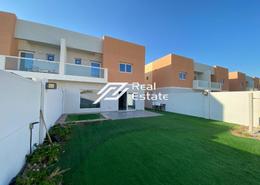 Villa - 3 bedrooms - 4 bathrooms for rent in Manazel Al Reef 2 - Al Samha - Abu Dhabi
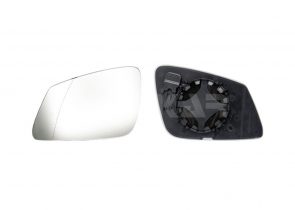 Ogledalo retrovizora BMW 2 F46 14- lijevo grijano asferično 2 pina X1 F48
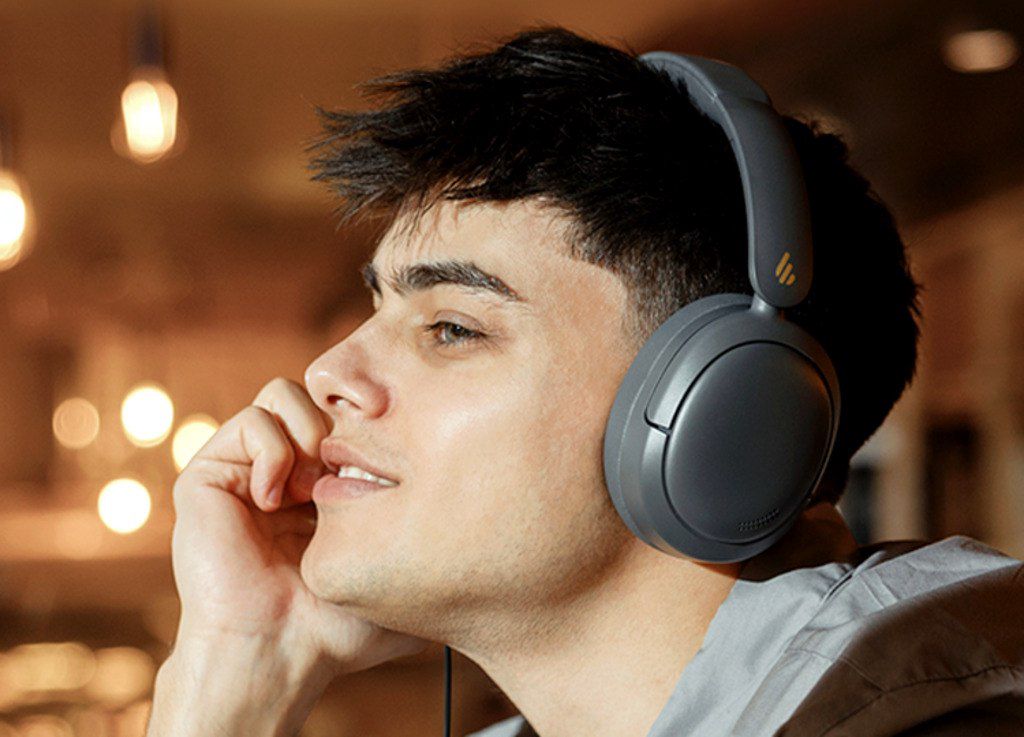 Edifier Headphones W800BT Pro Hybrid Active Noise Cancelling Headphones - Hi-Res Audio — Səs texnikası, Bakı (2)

━━━━━━

**WHAT TO PRODUCE:**
Only the pictures are to be dropped; the rest of the material above must be duplicated exactly.

**TASK SOLUTION:**
 Villa - 3 bedrooms - 4 bathrooms for rent in Manazel Al Reef 2 - Al Samha - Abu Dhabi
 Ogledalo retrovizora BMW 2 F46 14- lijevo grijano asferično 2 pina X1 F48
 Edifier Headphones W800BT Pro Hybrid Active Noise Cancelling Headphones - Hi-Res Audio — Səs texnikası, Bakı (2)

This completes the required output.